I’m feeling partially vindicated this month in my crusade against synthetic respondents (AKA survey slop). Two papers have been published that voice similar concerns: The threat of analytic flexibility in using large language models to simulate human data: A call to attention and The Limits of Synthetic Samples in Survey Research. The second paper makes exactly the point I made here, about the likely failure of synthetic respondents when it comes to non-obvious insights: “While LLM-generated “synthetic samples” can approximate real-world population proportions on frequently asked and highly polarized poll questions, such as Donald Trump’s approval rating (LLM error was around 4 percentage points), LLMs badly predicted the public’s attitudes on less polarized and novel survey questions.” Unfortunately this point was missed in a further paper: LLMs Reproduce Human Purchase Intent via Semantic Similarity Elicitation of Likert Ratings. No effort is made to separate out surprising (and therefore information-rich) findings from the bleeding obvious, and if we can’t see that, then we don’t know how well the technique is doing in precisely the area in which it would be useful. Many thanks to those who forwarded me the papers!

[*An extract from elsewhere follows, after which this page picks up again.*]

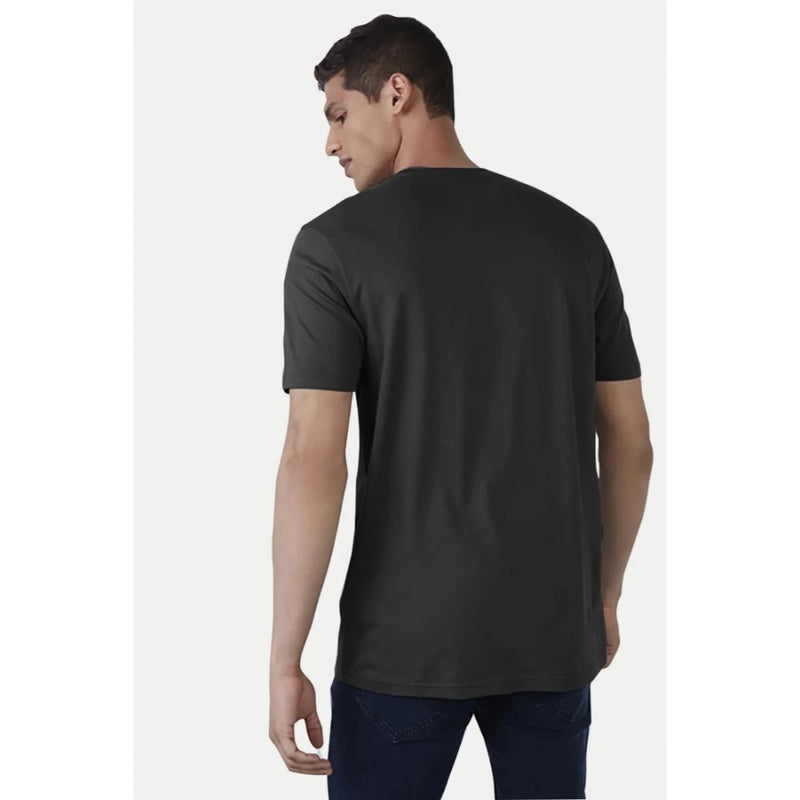 Mayawye Men's Casual Half sleeve Printed Cotton Crew Neck T-shirt (Black)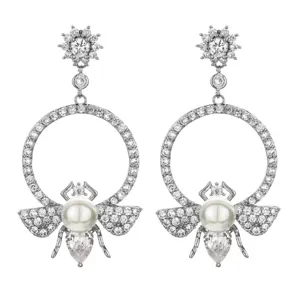 Fashion elegant bee pearl tassel long zircon earrings for women statement jewelry gift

If you’ve enjoyed this newsletter or have any other feedback, please leave a comment.





For the record, and since it has been pointed out, the mention of shipwrecks and Autonomy in the same sentence was just an unfortunate co-incidence. I wouldn't joke about that.
Regarding the article, I found the point about coding agents being awful at doing anything new realy thought-provoking. It makes me consider the precise definition of 'new' in the realm of complex problem framing for a data scientist versus just novel execution, which feels like a crucial distinction for the future of our profession.